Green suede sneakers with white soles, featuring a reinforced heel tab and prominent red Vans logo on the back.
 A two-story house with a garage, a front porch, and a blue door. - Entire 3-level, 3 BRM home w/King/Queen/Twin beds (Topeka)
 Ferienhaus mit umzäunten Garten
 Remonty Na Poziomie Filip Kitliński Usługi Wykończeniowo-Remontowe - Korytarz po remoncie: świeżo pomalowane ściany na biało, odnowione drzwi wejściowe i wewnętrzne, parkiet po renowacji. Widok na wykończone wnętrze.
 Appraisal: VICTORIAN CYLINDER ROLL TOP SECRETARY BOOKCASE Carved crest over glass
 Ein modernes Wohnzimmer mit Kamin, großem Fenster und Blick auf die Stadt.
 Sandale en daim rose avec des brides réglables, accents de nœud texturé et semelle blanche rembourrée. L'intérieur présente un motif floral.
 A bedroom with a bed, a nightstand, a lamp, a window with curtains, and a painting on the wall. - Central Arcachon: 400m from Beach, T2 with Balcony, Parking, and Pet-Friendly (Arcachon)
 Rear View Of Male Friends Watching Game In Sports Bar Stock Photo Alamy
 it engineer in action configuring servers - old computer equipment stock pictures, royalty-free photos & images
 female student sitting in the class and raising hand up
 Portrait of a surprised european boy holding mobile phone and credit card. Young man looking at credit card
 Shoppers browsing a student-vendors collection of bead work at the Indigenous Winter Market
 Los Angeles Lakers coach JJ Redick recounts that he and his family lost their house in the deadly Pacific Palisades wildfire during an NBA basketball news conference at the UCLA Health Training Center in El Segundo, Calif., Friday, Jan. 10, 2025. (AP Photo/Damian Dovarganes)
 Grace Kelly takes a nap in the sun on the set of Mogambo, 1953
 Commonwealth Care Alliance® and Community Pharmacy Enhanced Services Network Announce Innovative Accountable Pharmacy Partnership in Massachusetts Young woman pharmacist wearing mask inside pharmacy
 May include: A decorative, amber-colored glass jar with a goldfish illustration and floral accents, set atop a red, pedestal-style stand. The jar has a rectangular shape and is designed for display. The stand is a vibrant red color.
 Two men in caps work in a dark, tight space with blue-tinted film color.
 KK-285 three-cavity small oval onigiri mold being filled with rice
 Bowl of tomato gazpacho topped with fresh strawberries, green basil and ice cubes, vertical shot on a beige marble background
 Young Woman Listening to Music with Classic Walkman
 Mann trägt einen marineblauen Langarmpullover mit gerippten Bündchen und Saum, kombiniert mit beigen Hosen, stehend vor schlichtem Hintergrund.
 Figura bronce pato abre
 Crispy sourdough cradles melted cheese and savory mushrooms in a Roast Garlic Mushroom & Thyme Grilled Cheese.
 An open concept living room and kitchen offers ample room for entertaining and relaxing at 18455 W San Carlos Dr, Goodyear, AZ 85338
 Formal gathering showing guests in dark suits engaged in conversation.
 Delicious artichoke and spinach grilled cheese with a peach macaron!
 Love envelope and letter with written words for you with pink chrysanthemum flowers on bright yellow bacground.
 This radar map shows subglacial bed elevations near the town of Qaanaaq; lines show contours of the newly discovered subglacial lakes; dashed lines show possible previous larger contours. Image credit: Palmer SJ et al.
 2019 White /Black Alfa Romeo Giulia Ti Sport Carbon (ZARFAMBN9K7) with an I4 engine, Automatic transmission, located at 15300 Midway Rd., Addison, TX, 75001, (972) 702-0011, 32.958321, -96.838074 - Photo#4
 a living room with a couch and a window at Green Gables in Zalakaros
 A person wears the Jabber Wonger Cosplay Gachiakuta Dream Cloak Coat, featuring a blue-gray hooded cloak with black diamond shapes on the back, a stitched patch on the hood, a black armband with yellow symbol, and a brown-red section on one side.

=-=-=

- [Problem to solve]: Up to and including the line that contains "Ferienhaus mit umzäunten Garten", output the records above exactly, beginning with their first line.

- [Answer for this exercise]:
Green suede sneakers with white soles, featuring a reinforced heel tab and prominent red Vans logo on the back.
 A two-story house with a garage, a front porch, and a blue door. - Entire 3-level, 3 BRM home w/King/Queen/Twin beds (Topeka)
 Ferienhaus mit umzäunten Garten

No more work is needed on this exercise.